Retired Army 1st Sgt. Arthur C. Thornburgh of Ewell, Ala., figures the Department of Defense owes him $20,000 so far in combat-related special compensation.
The missing payments, he claims, go back to June 1, 2003, the day he applied and also the day the compensation program began.
Thornburgh, 68 and a former helicopter crew chief who survived several combat tours in Vietnam, received notice March 23 that he is eligible for tax-free compensation, based on his 70-percent disability rating from the Department of Veterans Affairs for post-traumatic stress disorder.
But after nine months, he must wait to learn officially whether his compensation will reflect his VA 100-percent "unemployable" rating, which would double the size of his tax-free payment to more than $2,200 a month.
Thornburgh and thousands of retirees with 20 or more years of service and severe disabilities, have seen long waits for combat-related compensation decisions. Particularly frustrating has been the lack of Defense Department guidance on such compensation for retirees deemed to be unemployable or eligible for the VA’s special monthly compensation for severely debilitating injuries or illnesses.
Their concerns may be eased this month. Defense officials have promised within weeks to publish long-awaited guidance on the compensation programs. Also on the way, four months behind schedule, is a new compensation application for an expanded pool of eligible retirees, those with 20 years of service, active or reserve, and with combat-related disabilities as low as 10 percent.
The Bush administration’s early opposition to compensation, or any relaxation of the ban on "concurrent receipt" of full military retirement and VA disability compensation, fuels speculation by disabled retirees that the delays involve either politics or an attempt to hold down program costs.
Arguing against that idea are Department of Defense officials, who deny it and the reality that compensation payments are retroactive to June 2003 for those with Purple Heart wounds and combat-related disability ratings of 60 percent or higher or to January 2004 for retirees with combat-related disabilities of 10 to 50 percent.
Service officials say lack of compensation guidance and a new application not only have frustrated applicants but have stunted what they expected would be a tidal wave of new applicants in early 2004.
"There are 500,000 Army veterans with VA-rated injuries that could be eligible for (combat-related compensation) under one of the four scenarios: direct combat, instrumentality of war, simulating war (training), and hazardous duty," said Col.
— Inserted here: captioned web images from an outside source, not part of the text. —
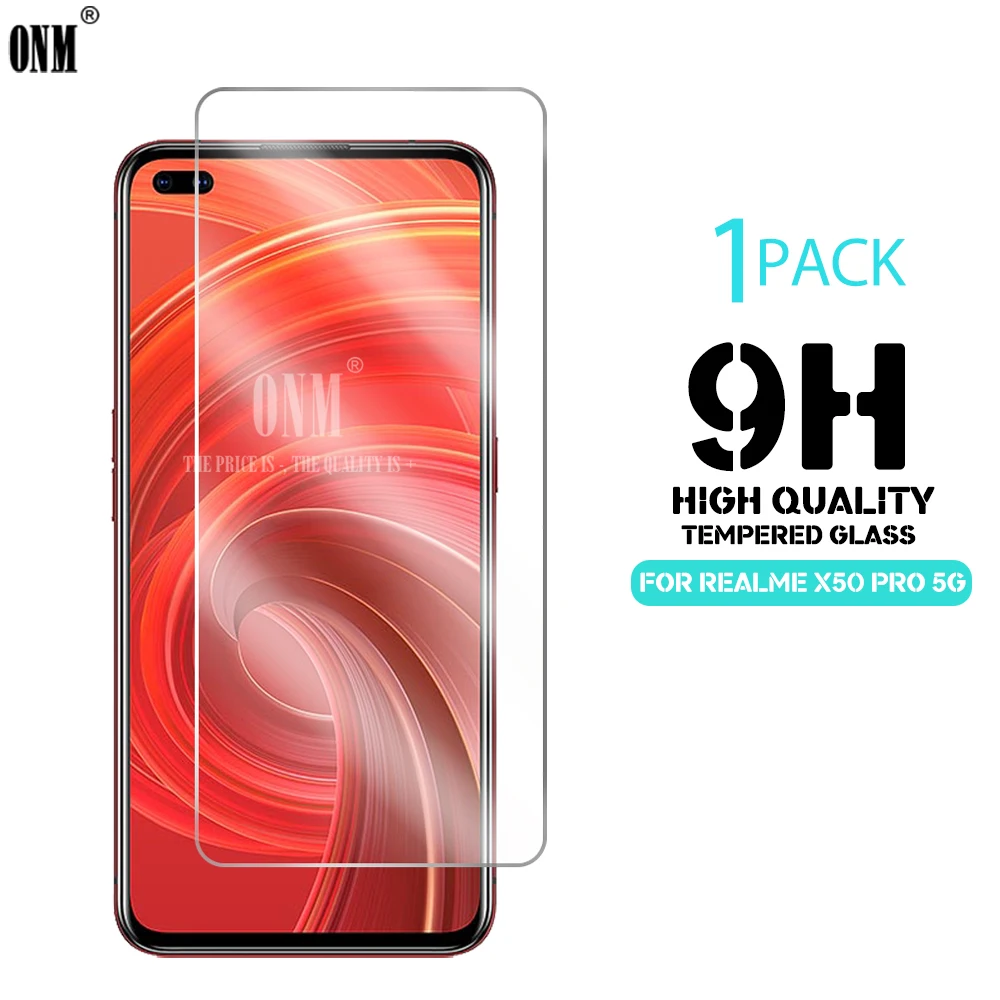 Закаленное стекло X50 для Realme Pro 5G защита экрана 2.5D 9H закаленное OPPO защитная пленка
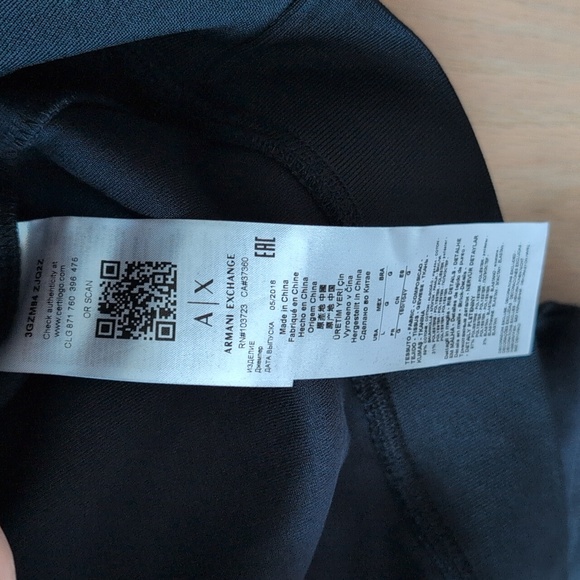 Armani Exchange Charcoal Crewneck Sweatshirt - Picture 6 of 7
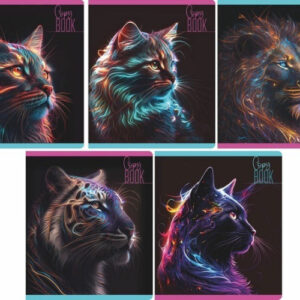 Тетрадь 48 листов Lamark Neon Animals 128/00134990 4824-32
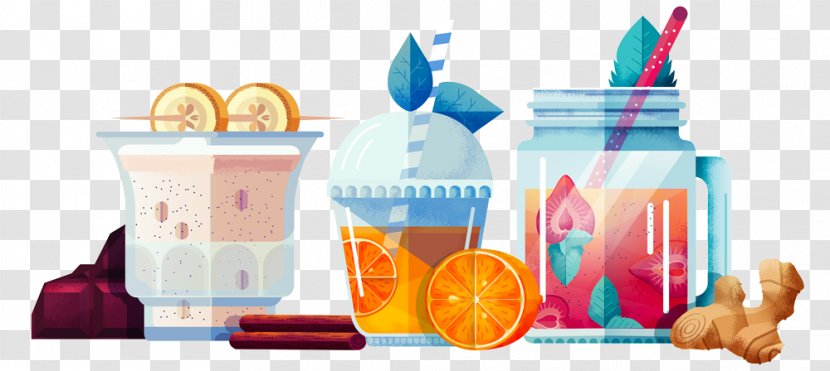 Illustrator Behance Graphic Design Illustration - Creative Industries - Fruit Juice Drinks Transparent PNG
John F. Sackett, chief of the compensation branch in the Army Human Resources Command based in Alexandria, Va. "We’ve only received 25,000 to date."
The Air Force also expected a flood and hasn’t seen it.
By March, 153,000 retirees began receiving concurrent retirement and disability payments, an automatic benefit and an option to applying for compensation. Service officials suspect that the concurrent payments, paid to retirees with 20 or more years and any type of service-connected disabilities rated 50 percent or higher, has left some retirees confused about combat-related compensation.
With the extra pay coming in, retirees might decide not to apply for compensation, unaware they could see even higher payments. Some might be discouraged by the hassle of a five-page application, the need to provide supporting documents to show injuries or illness relate to combat, and the prospect of a long wait for a decision. But that would be a mistake.
Air Force combat-related compensation expert Kathy Garfield said the service has been encouraging retirees for months to use the old compensation application if they don’t want to wait for the new one. They simply can ignore, or amend by hand, references to the now out-dated "60 percent" disability threshold.
"Our biggest priority," added Cook, "is to find people who are eligible and get them compensated."
Win Reither, a retired officer who monitors combat-related compensation for his Web site, www.crlegislation.com, says the great challenge ahead is "to avoid the coming train wreck of 150,000 (compensation) applications this year."
The services have processed only 24,000 applications of 43,000 received since June. So the tidal wave looms.